# Records contained in a dataset:
<<<<

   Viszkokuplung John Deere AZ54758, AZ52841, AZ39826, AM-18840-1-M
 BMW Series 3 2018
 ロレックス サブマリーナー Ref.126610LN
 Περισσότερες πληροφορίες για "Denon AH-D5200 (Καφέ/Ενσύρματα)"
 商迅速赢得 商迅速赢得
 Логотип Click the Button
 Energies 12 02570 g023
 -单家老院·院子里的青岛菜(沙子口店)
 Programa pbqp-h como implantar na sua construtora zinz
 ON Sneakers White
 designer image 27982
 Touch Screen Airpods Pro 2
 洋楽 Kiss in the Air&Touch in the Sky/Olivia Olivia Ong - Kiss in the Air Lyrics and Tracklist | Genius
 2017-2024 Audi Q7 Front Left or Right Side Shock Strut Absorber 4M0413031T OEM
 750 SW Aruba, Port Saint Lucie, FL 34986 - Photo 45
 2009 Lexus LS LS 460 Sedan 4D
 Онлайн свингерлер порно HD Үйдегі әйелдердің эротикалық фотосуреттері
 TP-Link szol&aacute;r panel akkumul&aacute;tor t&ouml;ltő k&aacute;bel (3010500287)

>>>>

# TASK TO CARRY OUT:
Every entry, written out exactly, is what the response should contain.

# FINISHED TASK:
   Viszkokuplung John Deere AZ54758, AZ52841, AZ39826, AM-18840-1-M
 BMW Series 3 2018
 ロレックス サブマリーナー Ref.126610LN
 Περισσότερες πληροφορίες για "Denon AH-D5200 (Καφέ/Ενσύρματα)"
 商迅速赢得 商迅速赢得
 Логотип Click the Button
 Energies 12 02570 g023
 -单家老院·院子里的青岛菜(沙子口店)
 Programa pbqp-h como implantar na sua construtora zinz
 ON Sneakers White
 designer image 27982
 Touch Screen Airpods Pro 2
 洋楽 Kiss in the Air&Touch in the Sky/Olivia Olivia Ong - Kiss in the Air Lyrics and Tracklist | Genius
 2017-2024 Audi Q7 Front Left or Right Side Shock Strut Absorber 4M0413031T OEM
 750 SW Aruba, Port Saint Lucie, FL 34986 - Photo 45
 2009 Lexus LS LS 460 Sedan 4D
 Онлайн свингерлер порно HD Үйдегі әйелдердің эротикалық фотосуреттері
 TP-Link szol&aacute;r panel akkumul&aacute;tor t&ouml;ltő k&aacute;bel (3010500287)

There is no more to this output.